I brought my car into the shop today since it was making a scrapping/grinding noise when making a left turn, sounding a bit like an old van. Turns out that the problem was that the left front rotor was hitting the backing plate (which seems to have the function to hold the parts, but not the caliper, of the disk brake in place, the rotor being the disk part of the disk brake -- ah, it may mostly be the hand-brake drum brake), so for $64.78 the backing plate was adjusted to no longer do this. No sign of any damage to the rotor that I was told about, but we'll see. The part of the backing plate that I think was scrapping against the rotor doesn't look substantial to me and it is unclear to me what its function is, besides being a sort of mud catcher for the rotor.

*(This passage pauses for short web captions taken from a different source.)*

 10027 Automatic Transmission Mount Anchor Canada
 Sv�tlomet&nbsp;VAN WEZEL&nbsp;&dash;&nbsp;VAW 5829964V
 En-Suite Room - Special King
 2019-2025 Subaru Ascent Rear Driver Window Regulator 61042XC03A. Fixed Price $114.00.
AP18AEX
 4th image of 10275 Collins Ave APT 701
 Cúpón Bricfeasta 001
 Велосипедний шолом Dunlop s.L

I suspect the cause of this was the alignment I got when I bought new tires back in early June, something that shouldn't happen. So count this against Town Fair Tire in Hamden.

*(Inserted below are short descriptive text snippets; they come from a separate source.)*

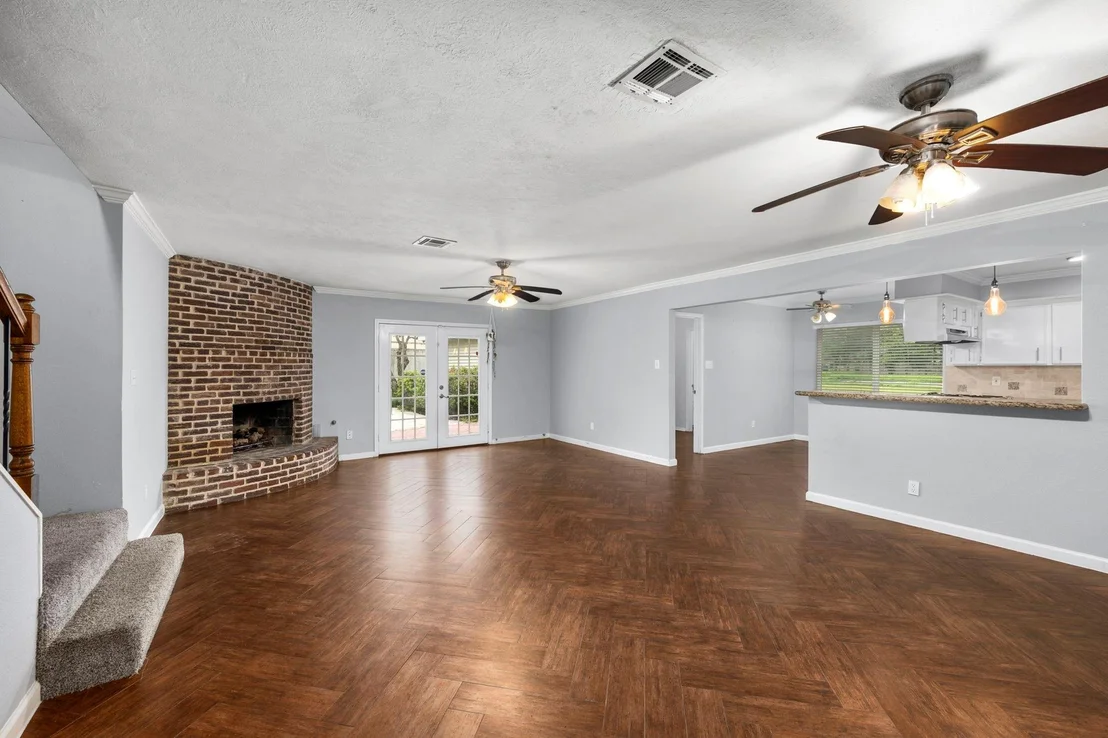 Photo of 7407 Theisswood Road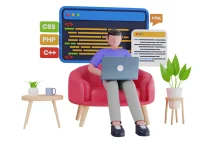 Magento Programmer in Pune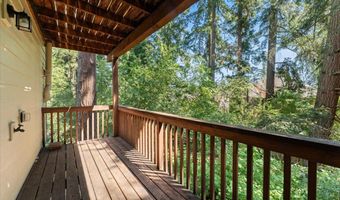 15440 SW MICA Ln, Beaverton, OR 97007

Here's a backing plate behind a rotor on a disk brake (in this case an E39 BMW, also see some nice photos of cutting back the baking plate so it won't scrape the larger rotor for this brake upgrade):
Update #1: having felt the backing plate with my hand, this piece of metal is so insubstantial that there is no way it is going to damage the rotor. The puzzle now is how the backing plate keeps its shape as well as it does in order to not scrape the rotor and make noise all the time. Not too many flying rocks under foot it seems.